The expected output is exactly the lines below, starting at the line with "engadget's tweet photo." and ending at the line with "5 inch gauge", both included; no other line belongs in it.

**SOURCE INFORMATION:**

________

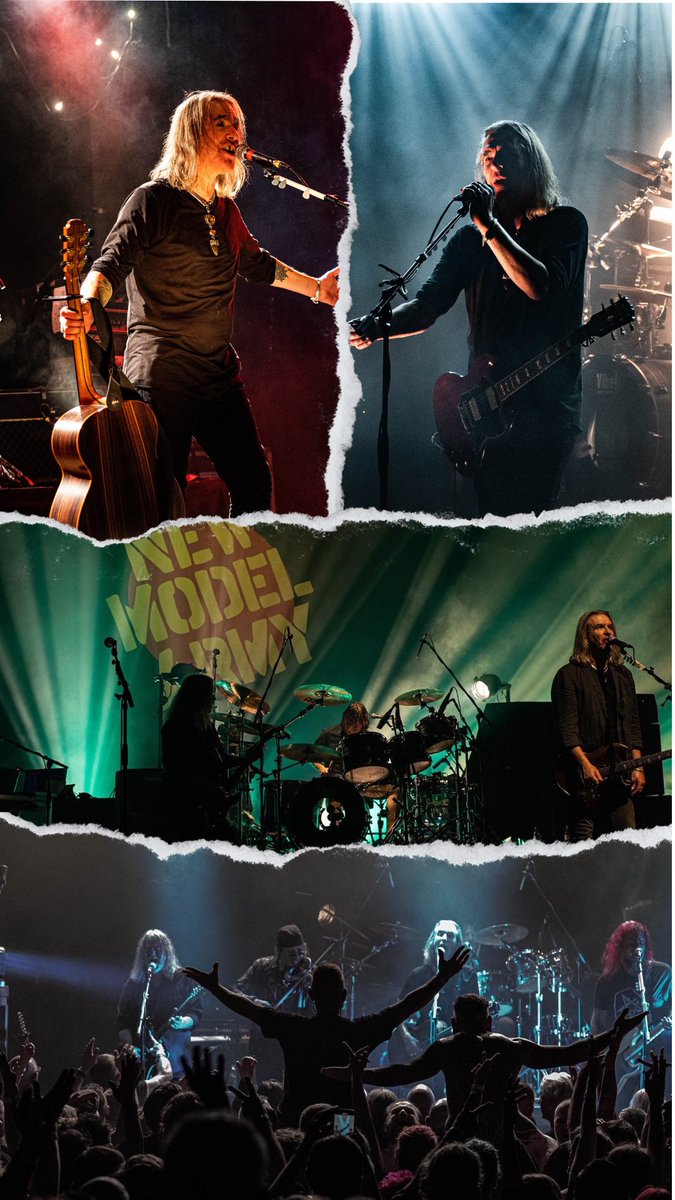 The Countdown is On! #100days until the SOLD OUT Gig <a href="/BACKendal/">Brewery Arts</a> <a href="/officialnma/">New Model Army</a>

________

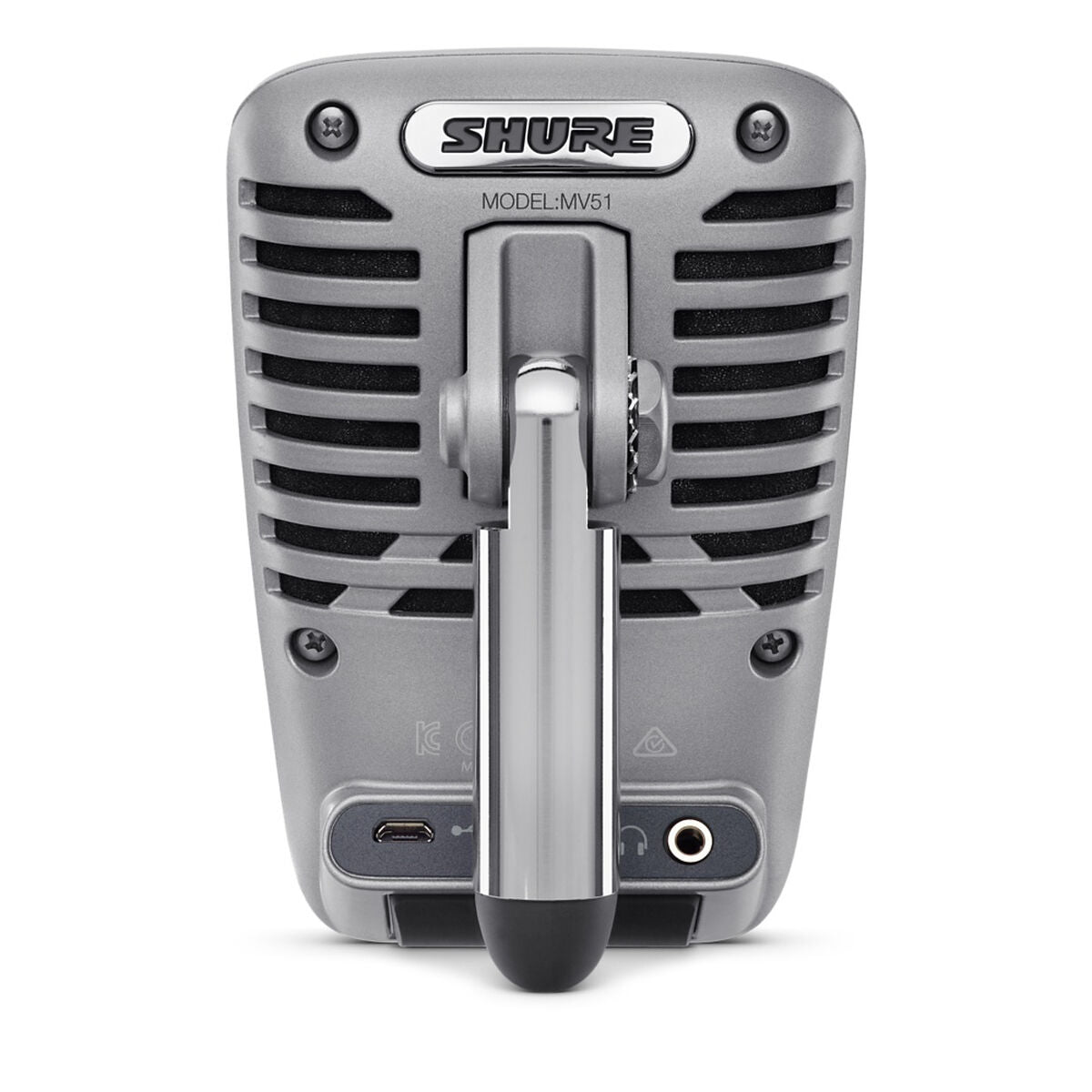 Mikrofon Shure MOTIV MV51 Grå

________

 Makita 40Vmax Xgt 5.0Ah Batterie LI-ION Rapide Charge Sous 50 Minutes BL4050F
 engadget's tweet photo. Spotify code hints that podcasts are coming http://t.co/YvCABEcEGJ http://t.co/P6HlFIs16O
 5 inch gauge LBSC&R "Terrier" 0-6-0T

________

**TASK SOLUTION:**
 engadget's tweet photo. Spotify code hints that podcasts are coming http://t.co/YvCABEcEGJ http://t.co/P6HlFIs16O
 5 inch gauge LBSC&R "Terrier" 0-6-0T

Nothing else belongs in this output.